In [19]: %time build_index(data, ['A','B'])
CPU times: user 852 ms, sys: 30.4 ms, total: 882 ms
Wall time: 882 ms
You can certainly poke around if you'd like to try to implement some speedups. But your usecase is fairly narrow and no idea what an API would be useful / look-like.
Since I've noticed this have been move here, I ended up addressing this problem using some runtime pandas already have for group by to speed everything even more up.
def search_dataframe_index(df, params):
fields = tuple([x[0] for x in params])
values = [x[1] for x in params]
if not hasattr(df, '_search_groups'):
df._search_groups = dict()
if not fields in df._search_groups:
# Building index for %s" % str(fields))
df._search_groups[fields] = df.reset_index().groupby(fields).groups
irows = []
for i in itertools.product(*values):
if i in df._search_groups[fields]:
irows.append(df._search_groups[fields][i])
return df.take(list(itertools.chain(*irows)))
# NEW METHOD - first time for caching
%time _=search_dataframe_index(data, searches)
CPU times: user 2.28 s, sys: 205 ms, total: 2.49 s
Wall time: 2.49 s
# NEW METHOD - average performance
%timeit _=search_dataframe_index(data, searches)
1000 loops, best of 3: 275 µs per loop
# PREVIOUS
%timeit _=search_with_index(data, searches)
100 loops, best of 3: 3.15 ms per loop
%timeit _=data1.loc[(slice(0.1,0.3),slice(0.1,0.3)),:]
10 loops, best of 3: 57.3 ms per loop
Is much faster when searching, bust is quite 'slow' when creating the 'index'. Still, in my production case brought down the processing time from 1 hour to 5 minutes :)
@humford nope but I could, I already have all the code. It's just a matter of deciding if it's elegant enough storing additional elements for indexing within a data frame and probably a better name for the function.
@alzmcr In regards to the previous discussion, do you know where/how this might fit into the repo?

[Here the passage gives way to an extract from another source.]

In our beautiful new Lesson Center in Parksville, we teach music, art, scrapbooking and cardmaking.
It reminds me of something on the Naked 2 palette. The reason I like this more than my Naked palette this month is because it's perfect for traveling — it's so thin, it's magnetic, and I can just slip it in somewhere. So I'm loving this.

It seems like this has been added to a release milestone and you've documented a pretty remarkable speed up so I think a PR might allow a more focused discussion on implementation.
@alzmcr Could you give an example with a data set? I am finding it hard to understand what the parameter param look like?

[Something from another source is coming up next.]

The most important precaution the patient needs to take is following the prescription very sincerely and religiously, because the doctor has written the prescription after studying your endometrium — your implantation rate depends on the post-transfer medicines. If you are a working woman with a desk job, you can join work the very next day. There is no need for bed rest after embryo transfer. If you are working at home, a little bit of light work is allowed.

@shishirpy a full example is at line: https://github.com/pandas-dev/pandas/issues/11026#issuecomment-138889948 - It's confusing as in the example are called searches and in the function name are called params.

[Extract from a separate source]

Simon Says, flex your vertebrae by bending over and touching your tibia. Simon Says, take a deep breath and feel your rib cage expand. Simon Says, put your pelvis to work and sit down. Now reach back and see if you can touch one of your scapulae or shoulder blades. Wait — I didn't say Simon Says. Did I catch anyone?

I would love to open a PR, but I'm struggling with time and would be the first time here!
Remember that the index needs to be updated upon each mutation of its parent DataFrame/column.
AFAICT this boils down to trying to optimize MultiIndex.get_locs. I haven't looked at it closely, but its plausible that there are optimizations available in lexsorted cases by caching more aggressively.